Web page caption snippets:
══════════
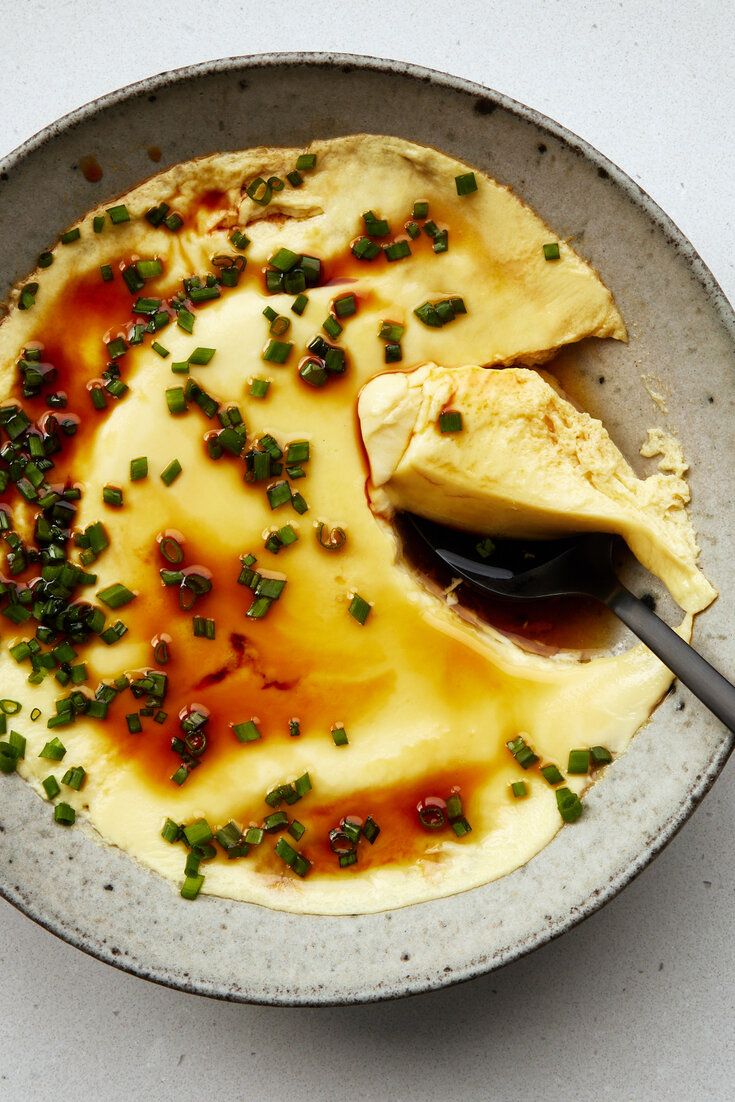 a bowl filled with food on top of a table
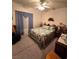 Bright bedroom with a comfortable queen-size bed and ceiling fan at 3020 Ripon Dr, Las Vegas, NV 89134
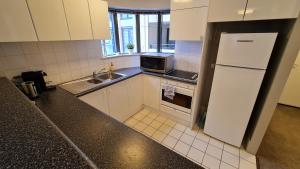 a kitchen with white cabinets and a sink and a refrigerator at 2BR 2Bath L4 Executive Apartment, in City Centre in Canberra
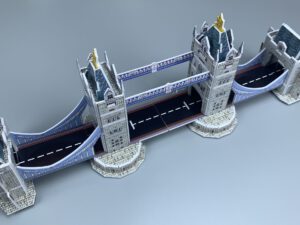 Tower Bridge with blue-lit roadway and towers over the Thames, London, England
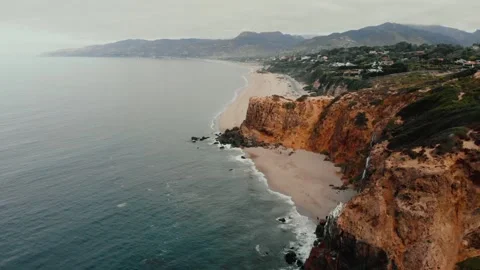 Orange cliffs and blue ocean drone shot in California Stock Footage 241362483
══════════
Work instructions.
Copy out all the records exactly, excluding pictures.

Output of the exercise.
 a bowl filled with food on top of a table
 Bright bedroom with a comfortable queen-size bed and ceiling fan at 3020 Ripon Dr, Las Vegas, NV 89134
 a kitchen with white cabinets and a sink and a refrigerator at 2BR 2Bath L4 Executive Apartment, in City Centre in Canberra
 Tower Bridge with blue-lit roadway and towers over the Thames, London, England
 Orange cliffs and blue ocean drone shot in California Stock Footage 241362483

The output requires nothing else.